▶ **Material provided**:
=== Begin Enclosure ===

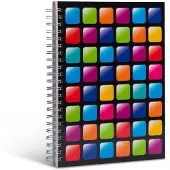 Favini i-Color Schrijfblok – A4 – 120 Vellen – 80 g/m² – Gelineerd – Sterke Spiraalbinding – Harde Kaft in Assorti Kleuren – Made in Italy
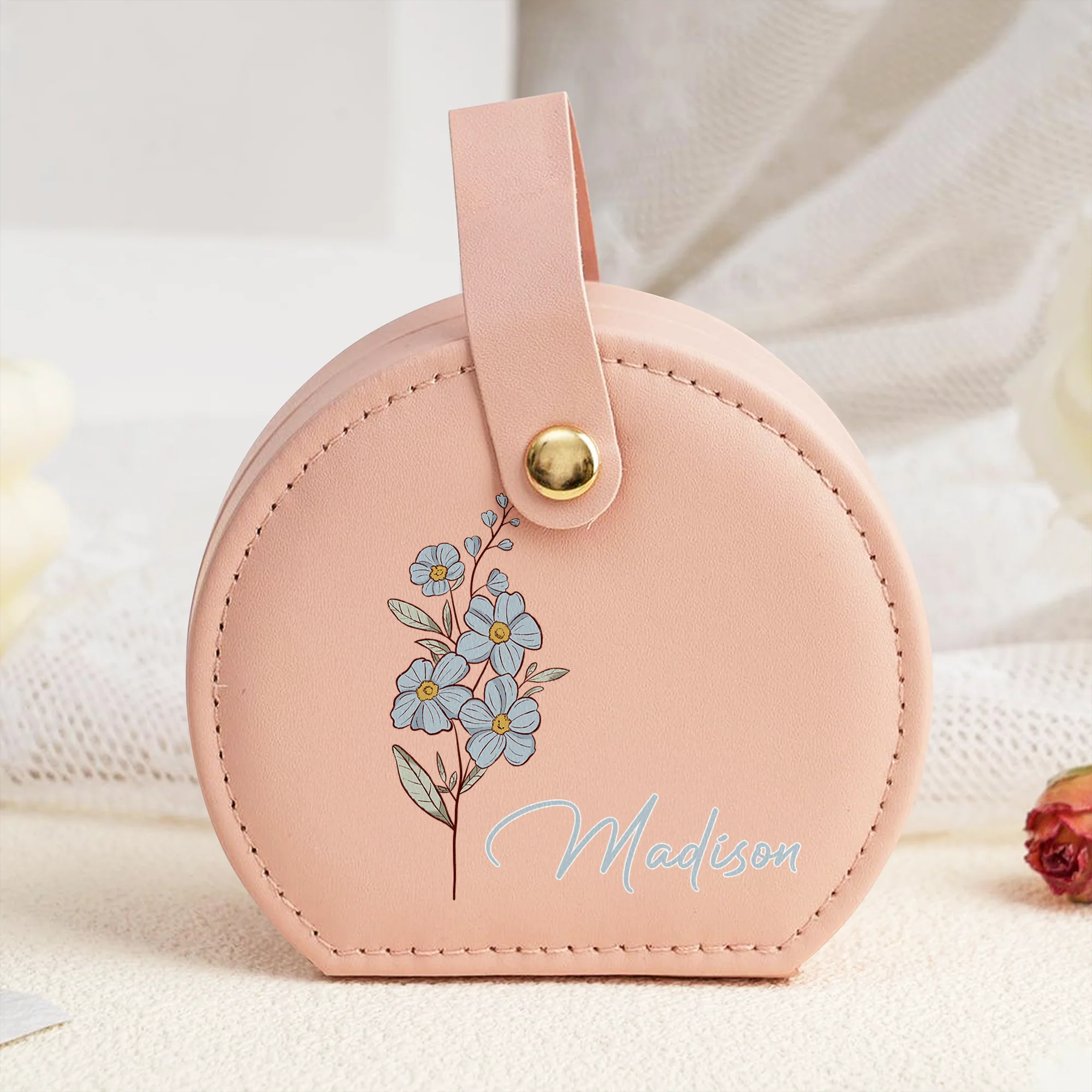 Custom Name With Floral Jewelry Box With Handle TH10 894345 - Image 7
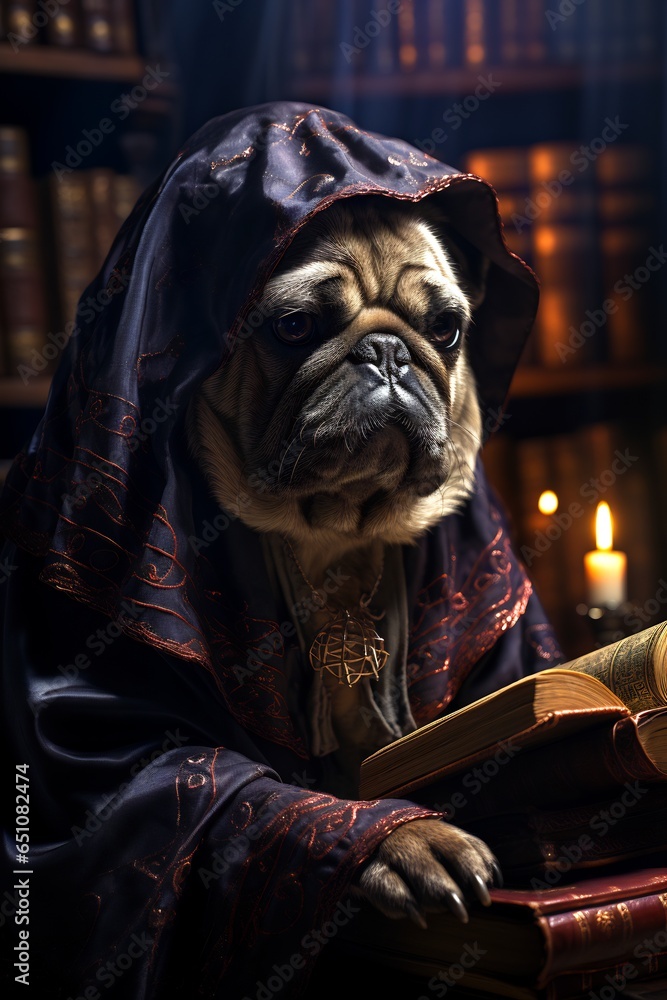 Wall mural Pug dog dressed in robe and holding book.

=== End Enclosure ===

Without the pictures, repeat every line of the material above exactly.

 Favini i-Color Schrijfblok – A4 – 120 Vellen – 80 g/m² – Gelineerd – Sterke Spiraalbinding – Harde Kaft in Assorti Kleuren – Made in Italy
 Custom Name With Floral Jewelry Box With Handle TH10 894345 - Image 7
 Wall mural Pug dog dressed in robe and holding book.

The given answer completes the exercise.